Securing Assets for All

About this Workstream

The past 30 years has seen the deepening concentration of ownership and a widening disparity of outcomes in the UK. Today, the country is divided between the few who are assetrich and receive exorbitant returns, and the many that have been denied access to meaningful assets while the relative worth of their wages has steadily declined. Recent analysis has put this divide into sharp perspective: the richest 1 per cent own as much in property, pensions and financial assets as the poorest 55 per cent, while this difference is further exacerbated by the ever-widening chasm in income levels. Unjustified by merit and result, but owing all to the leverage that built-in market advantage delivers, we are rapidly creating an economic serfdom that we thought long abolished.

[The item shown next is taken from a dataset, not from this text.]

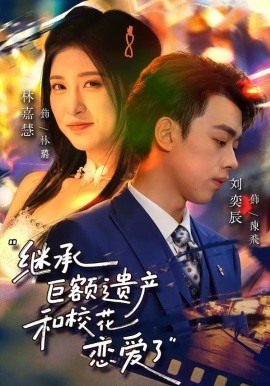 继承巨额遗产，和校花恋爱了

The majority of people are by comparison both underpaid and asset-poor, without adequate savings and pensions to provide financial security, they struggle to enter and maintain a place in the housing market. Such double disparity in income and ownership is detrimental to society, entrenching longterm poverty and welfare dependency, and leading many to disengage with the political process and civic engagement. If people are denied a stake in both economy and society, then understandably they will soon disclaim responsibility even for their own destiny.

Against the typical logic of both left and right, we need to recognise that individual responsibility and social solidarity run in tandem. By moving beyond state or market-led solutions we can encourage an ownership-based economy, in which everyone has an economically underwritten place in their community and nation. Bringing this about requires new models of ownership and exchange from where we own in degrees, out-rightly personally, and for ourselves as well as in common and with others. This would be a genuinely ‘free market’, as all would own and all could trade with something in addition to their labour. We therefore need a fairer sharing of risk and reward in every financial process. All lenders of money, from banks to building societies must be regarded as investors in the processes they enable: as part-liable for the risks incurred by borrowers, but on the other hand, as co-partners and advisors in the enterprises of ownership and entrepreneurship which borrowers undertake. Whatever the loss of economic autonomy for an individual owner of capital, it is balanced by greater shared economic security and lowered risk that this delivers. Heightened rights to a stake in the success of the bank to which one belongs, may well act as a platform for personal wealth to be invested in things other than residential property and an increase of influence about the shape of the built environment and the nature of the city or locality one operates in would help encourage the kind of mass ‘at scale’ investment that small business and social enterprises need.